Work to be completed: Your job is to print, exactly, the lines in the data below from the line with "J. Crew 100% Cotton Embroidered Blouse- 2X" through the line with "TESA 4325, Maskeringstejp", both included, and to omit any picture.
*** Opening of Source data ***
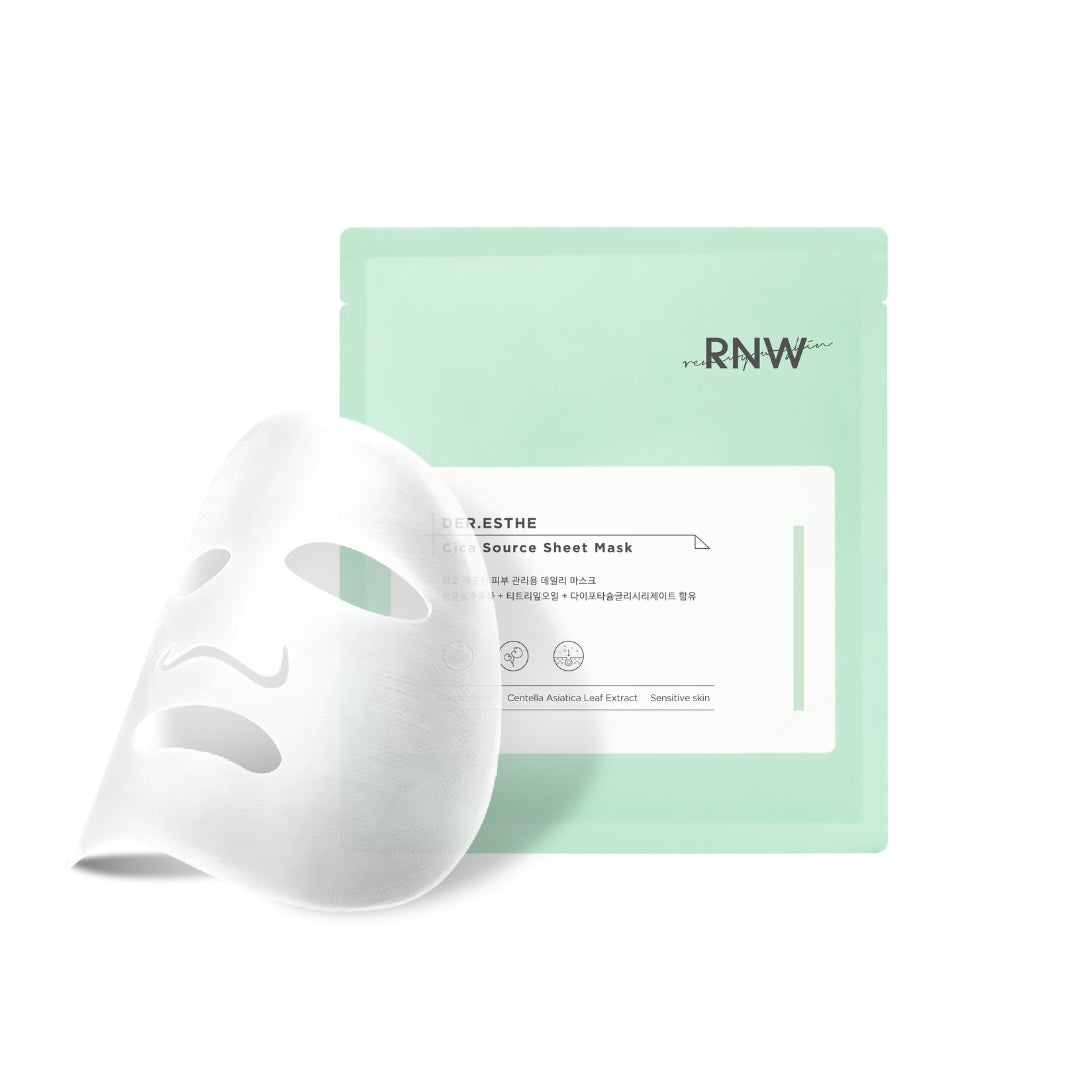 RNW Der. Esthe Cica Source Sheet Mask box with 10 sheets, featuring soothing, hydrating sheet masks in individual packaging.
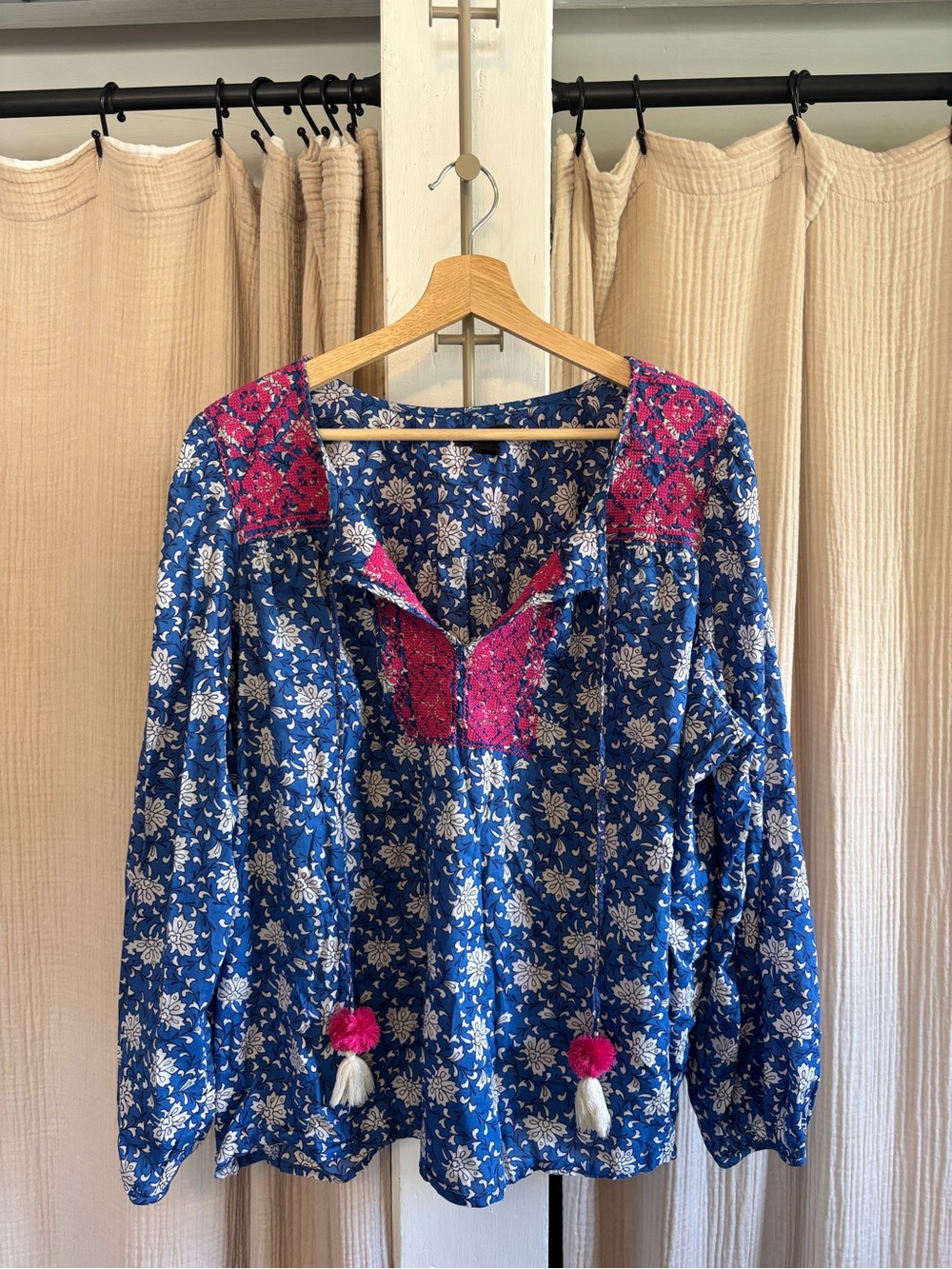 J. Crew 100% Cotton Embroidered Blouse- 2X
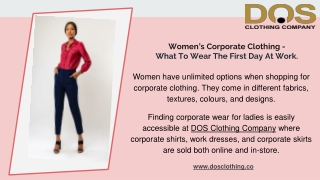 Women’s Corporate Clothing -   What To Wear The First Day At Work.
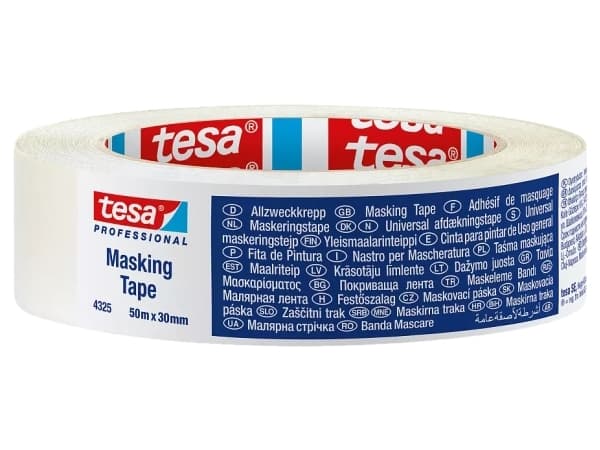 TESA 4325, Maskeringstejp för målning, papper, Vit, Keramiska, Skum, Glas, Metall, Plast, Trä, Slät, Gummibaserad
*** Close of Source data ***
*** Opening of Source data ***
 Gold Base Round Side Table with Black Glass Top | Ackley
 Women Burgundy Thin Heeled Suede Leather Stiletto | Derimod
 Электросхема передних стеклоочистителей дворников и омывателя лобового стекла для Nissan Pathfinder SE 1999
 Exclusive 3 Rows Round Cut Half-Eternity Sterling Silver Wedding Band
*** Close of Source data ***
Response:
 J. Crew 100% Cotton Embroidered Blouse- 2X
 Women’s Corporate Clothing -   What To Wear The First Day At Work.
 TESA 4325, Maskeringstejp för målning, papper, Vit, Keramiska, Skum, Glas, Metall, Plast, Trä, Slät, Gummibaserad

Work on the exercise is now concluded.